For the purposes of these Conditions of Sale, the following definitions shall apply: "The Company" shall mean Trade Paints (UK) Ltd, Unit 5 The Glade Business Centre, Eastern Avenue, West Thurrock, Essex RM20 3FH "The Purchaser" shall mean the party described as the customer. "The Goods" shall mean all goods supplied by the Company to the Purchaser under this contract.
2. OVERRIDING PROVISIONS
1. All offers are accepted and all Goods are sold subject to and upon these Conditions of Sale. No addition, alteration, variation or waiver of any term of these Conditions of Sale shall be binding unless agreed in writing by the parties. The Purchaser shall be deemed to have agreed these Conditions in relation to all present and future dealings between the parties. 2. No Purchaser Terms and Conditions of Purchase and no other terms, conditions, warranties, particulars, standards, criteria, specifications and other matters, whether written or oral, express or implied, shall form part of or be deemed to be incorporated into this contract unless agreed in writing by a authorised officer of each party.
3. CREDIT ACCOUNT
The Company will not accept applications for a credit account. The Company will only accept & dispatch orders once in receipt of payment in full.

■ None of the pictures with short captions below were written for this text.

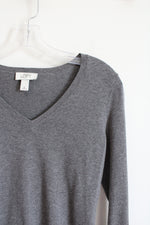 Ann Taylor LOFT Gray V-Neck Sweater | XS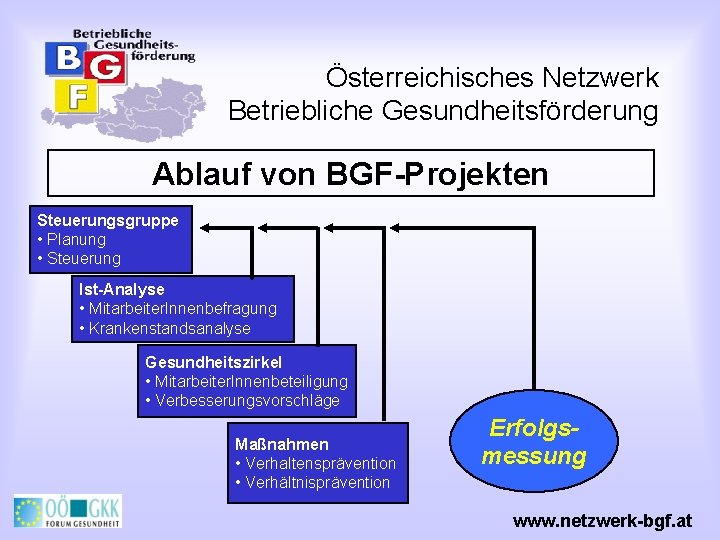 Österreichisches Netzwerk Betriebliche Gesundheitsförderung Ablauf von BGF-Projekten Steuerungsgruppe • Planung • Steuerung Ist-Analyse •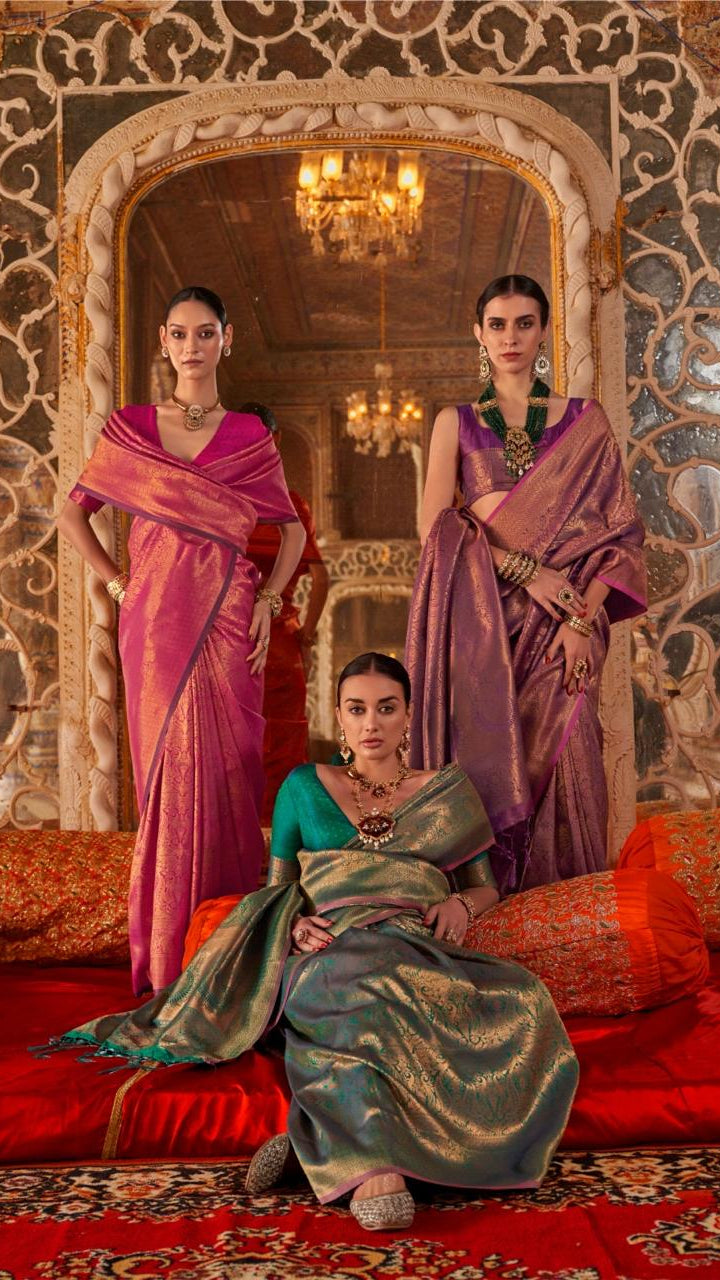 Purple and Gold Handloom Zari Weaving Banarasi Silk Saree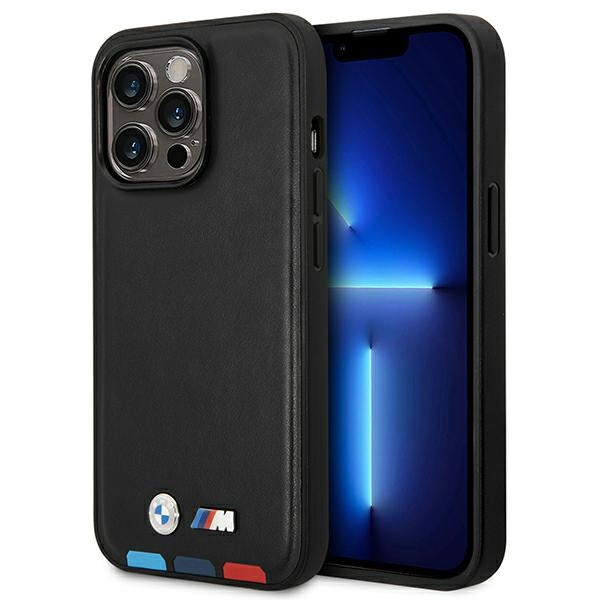 Husa BMW Bmhmp14x22ptdk iPhone 14 Pro Max 6.7 "Negru / Negru Leather Stamp Tricolor Magsafe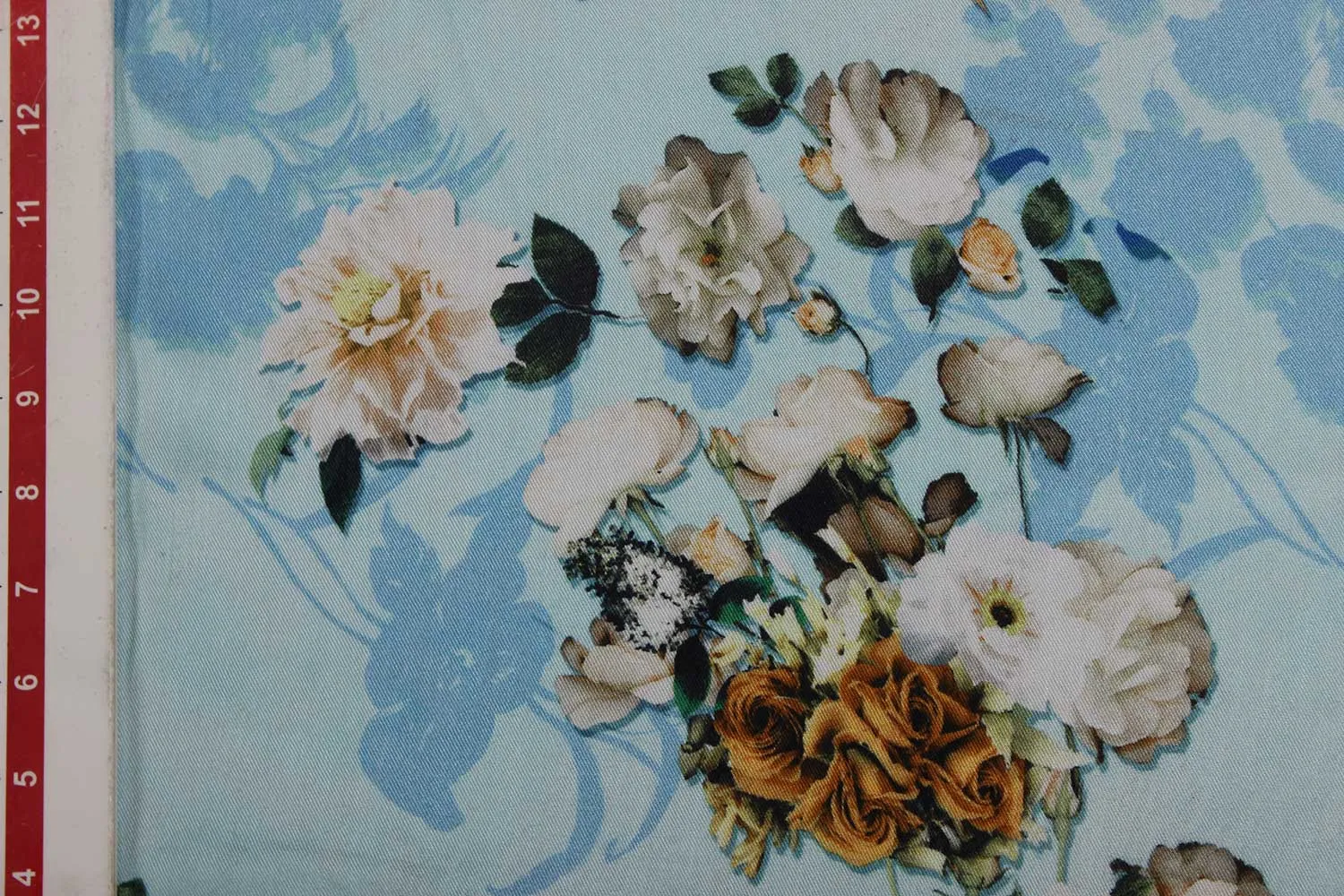 Turquoise Blue Floral Viscose Spun Fabric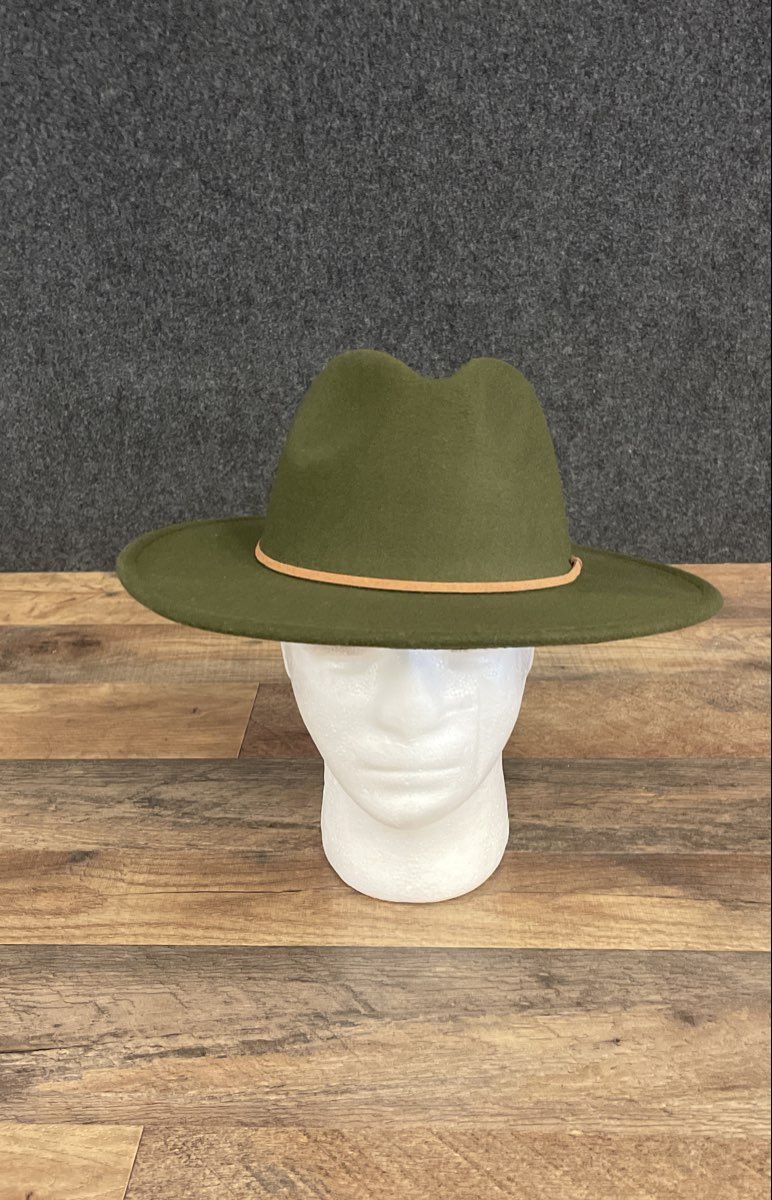 Women's Wide Brim Fedora Hats Lot of 2 Brown Olive Green Polyester Felt Size 57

Where the Company has agreed to arrange delivery of the Goods, the following provisions shall apply: 1. The Goods will be delivered to the location stated on the order as accepted by the Company 2. Times quoted for delivery represent only the Company’s best estimates, time not being of the essence. The Company shall in good faith endeavor to meet such estimated times, but reserves the right to vary the time of delivery and shall not be responsible for any loss or damage suffered by the Purchaser as a result of such variation. 3. Delivery notes must be checked and signed at the time of delivery 4. It shall be the duty of the Purchaser to examine the Goods upon delivery to ensure that the delivery is complete and that the Goods have no been damaged in transit. 5. In the event that any of the Goods have been damaged in transit or delivery is incomplete the Purchaser shall notify the Company by clearly stating the nature of such damage or incomplete delivery upon the Delivery Note prior to signature thereof 6. The Company’s liability shall be limited to the purchase price of the Goods damaged and not delivered 7. The Company shall be under no liability whatsoever if the Purchaser fails to give such notice of damage or non-delivery and any such damage to the Goods shall be deemed to have occurred after the transit is ended unless the contrary is proved by the Purchaser 8. The Company must be notified by the Purchaser of non-delivery of goods and or damage of goods within 7 days of the invoice date.The Company will refuse any claim from the Purchaser after this 7 day period. 9. No Goods may be returned to the Company unless the Company’s prior written consent is obtained. 10. UK deliveries take place Monday - Friday (excluding bank holidays), usually between 8.00am - 20.00pm & may take up to A MINIMUM OF 10 working days for most UK destinations.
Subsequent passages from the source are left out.